TL;DR - Morale of the story:
1) always read the product description and customer reviews when ordering online.
2) always keep any user manuals shipped with said products
Earlier this summer, I decided I was fed up with using my phone as a replacement for an alarm clock, and decided to get a real one. One that would light up in the night if needed and was cheap. Maybe with temperature display as well...
I turned to my favorite gadget store, dx.com , and found a clock that seemed nearly perfect: cheap; illuminated display, alarm function and shows the room temperature.
I got my clock and begun to set the time, when I noticed, not only that the clock SPOKE, it only spoke Mandarin Chinese. Nothing else. And there is NO mute button or volume control, every time you press the switch to illuminate the display, a perky-sounding Chinese woman with a loud voice tells you what I can only presume is the time (and possibly the temperature) in Mandarin. Oh well, quirky but still useful, I thought, and let it be.
Some time passed, and when it was time for me to use the alarm function for the first time, I could not find the quick user guide that had shipped with the product. The clock in question only has three buttons, so I thought "honestly, how hard can it be?". Conclusion: very hard!
The first time I tried to use the alarm, I managed to mistakenly set it for 1:02 AM. Yup.
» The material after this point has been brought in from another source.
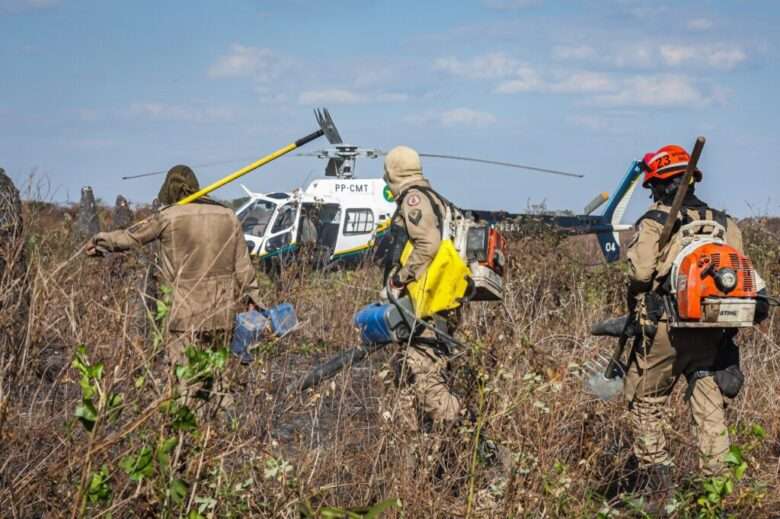 Mato Grosso mobiliza mais de mil bombeiros para combater 23 incêndios florestais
It took 5 minutes of frantic half-asleep button-pushing to get the damn thing to stop speaking Chinese and playing random wake-up tunes. Since then, I only used it as a bedside clock, without the alarm.
Last night, I noticed that my phone was almost dead and needed charging. I cannot charge it in the bedroom, since the cats have developed a strange appetite for phone chargers. I decided to leave it charging downstairs, and to once more attempt using my chinese-speaking but mostly useless alarm clock.
After some random button-pushing, I thought I succeded in setting the alarm for 8:10 AM, and went happily to sleep. How wrong I was! Turned out my nifty, Chinese-speaking clock also has a "call out the time every hour"-function. After being woken up at 1:07 AM, 2:07 AM and 3:07 AM by the preppy-sounding Chinese woman, I was finally somehow able to turn said function off. Unfortunately, I also managed to turn off the alarm that I so painstakingly had set earlier.
Defeated, I went downstairs to get my cell phone. The Mandarin-speaking clock can go back to just (silently!) telling the time.